• Assignment: Output, word for word, the lines of this listing that fall between the line with "Bottes De Protection Pour Chien – Image 4" and the line with "Oakwood St, CUMBERLAND, MD 21502", counting both of those lines, and no others.

• Data extract:
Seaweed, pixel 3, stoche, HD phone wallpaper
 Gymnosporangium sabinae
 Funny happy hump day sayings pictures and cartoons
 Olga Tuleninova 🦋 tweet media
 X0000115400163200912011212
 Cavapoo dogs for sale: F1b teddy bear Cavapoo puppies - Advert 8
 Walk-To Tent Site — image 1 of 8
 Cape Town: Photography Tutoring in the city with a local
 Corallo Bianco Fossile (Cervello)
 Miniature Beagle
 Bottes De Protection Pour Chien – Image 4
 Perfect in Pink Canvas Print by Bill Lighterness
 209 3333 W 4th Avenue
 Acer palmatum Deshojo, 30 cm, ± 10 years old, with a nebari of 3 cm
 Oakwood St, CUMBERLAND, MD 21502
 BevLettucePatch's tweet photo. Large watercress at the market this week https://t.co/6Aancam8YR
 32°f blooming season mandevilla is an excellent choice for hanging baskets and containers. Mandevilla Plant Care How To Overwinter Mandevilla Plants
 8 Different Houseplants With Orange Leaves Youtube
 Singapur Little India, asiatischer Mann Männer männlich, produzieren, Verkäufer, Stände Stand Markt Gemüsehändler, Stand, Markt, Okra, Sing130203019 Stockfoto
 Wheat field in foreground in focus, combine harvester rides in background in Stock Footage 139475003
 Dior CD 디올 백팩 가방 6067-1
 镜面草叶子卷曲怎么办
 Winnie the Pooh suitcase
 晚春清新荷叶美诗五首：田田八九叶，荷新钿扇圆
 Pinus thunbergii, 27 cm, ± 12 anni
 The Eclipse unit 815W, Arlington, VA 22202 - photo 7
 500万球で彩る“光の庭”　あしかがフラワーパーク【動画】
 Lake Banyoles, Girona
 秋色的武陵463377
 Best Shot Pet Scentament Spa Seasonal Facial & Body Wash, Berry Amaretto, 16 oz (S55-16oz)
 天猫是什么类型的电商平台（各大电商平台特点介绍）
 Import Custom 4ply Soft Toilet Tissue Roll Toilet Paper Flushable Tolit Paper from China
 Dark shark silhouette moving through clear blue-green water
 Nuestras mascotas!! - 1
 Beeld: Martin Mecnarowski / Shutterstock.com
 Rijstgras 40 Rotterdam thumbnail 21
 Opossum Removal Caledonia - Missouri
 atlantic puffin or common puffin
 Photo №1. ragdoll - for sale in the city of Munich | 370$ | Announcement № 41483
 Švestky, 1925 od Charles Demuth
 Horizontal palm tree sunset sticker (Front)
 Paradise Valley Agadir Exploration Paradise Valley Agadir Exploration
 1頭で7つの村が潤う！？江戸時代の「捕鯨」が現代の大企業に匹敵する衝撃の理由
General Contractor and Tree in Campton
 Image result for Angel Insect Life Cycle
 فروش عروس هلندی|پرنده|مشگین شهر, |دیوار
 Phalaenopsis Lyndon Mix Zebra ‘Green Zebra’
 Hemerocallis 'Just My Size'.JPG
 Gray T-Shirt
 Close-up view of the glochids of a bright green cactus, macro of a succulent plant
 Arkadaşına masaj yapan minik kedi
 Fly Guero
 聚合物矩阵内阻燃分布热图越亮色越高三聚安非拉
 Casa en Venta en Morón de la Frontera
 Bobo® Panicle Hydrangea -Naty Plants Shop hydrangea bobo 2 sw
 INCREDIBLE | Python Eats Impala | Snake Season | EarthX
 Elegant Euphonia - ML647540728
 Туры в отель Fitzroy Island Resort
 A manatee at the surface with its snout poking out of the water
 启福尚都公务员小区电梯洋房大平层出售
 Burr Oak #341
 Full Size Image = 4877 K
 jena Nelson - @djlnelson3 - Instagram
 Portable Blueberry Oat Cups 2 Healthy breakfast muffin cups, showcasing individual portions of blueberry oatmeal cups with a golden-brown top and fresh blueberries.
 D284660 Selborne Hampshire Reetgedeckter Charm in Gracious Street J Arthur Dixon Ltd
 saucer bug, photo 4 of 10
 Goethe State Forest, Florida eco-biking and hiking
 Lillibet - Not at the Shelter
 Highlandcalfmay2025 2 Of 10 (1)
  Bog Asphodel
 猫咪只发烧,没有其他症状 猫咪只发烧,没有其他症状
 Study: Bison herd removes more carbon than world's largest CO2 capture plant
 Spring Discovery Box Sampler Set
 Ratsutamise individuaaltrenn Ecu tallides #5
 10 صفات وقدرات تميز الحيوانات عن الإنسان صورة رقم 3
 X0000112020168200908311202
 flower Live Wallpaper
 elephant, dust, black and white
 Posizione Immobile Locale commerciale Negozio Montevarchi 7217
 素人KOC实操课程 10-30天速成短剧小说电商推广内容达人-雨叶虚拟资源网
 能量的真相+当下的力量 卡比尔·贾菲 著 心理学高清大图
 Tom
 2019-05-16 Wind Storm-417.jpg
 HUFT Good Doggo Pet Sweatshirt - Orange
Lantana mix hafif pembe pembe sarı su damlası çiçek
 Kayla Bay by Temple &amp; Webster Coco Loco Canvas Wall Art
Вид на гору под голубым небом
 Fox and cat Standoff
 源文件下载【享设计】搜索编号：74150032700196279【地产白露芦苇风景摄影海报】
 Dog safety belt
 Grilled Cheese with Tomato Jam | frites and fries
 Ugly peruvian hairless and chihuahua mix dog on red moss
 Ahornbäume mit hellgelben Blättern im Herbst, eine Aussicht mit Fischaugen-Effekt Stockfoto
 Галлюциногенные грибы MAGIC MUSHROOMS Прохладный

• Written response:
 Bottes De Protection Pour Chien – Image 4
 Perfect in Pink Canvas Print by Bill Lighterness
 209 3333 W 4th Avenue
 Acer palmatum Deshojo, 30 cm, ± 10 years old, with a nebari of 3 cm
 Oakwood St, CUMBERLAND, MD 21502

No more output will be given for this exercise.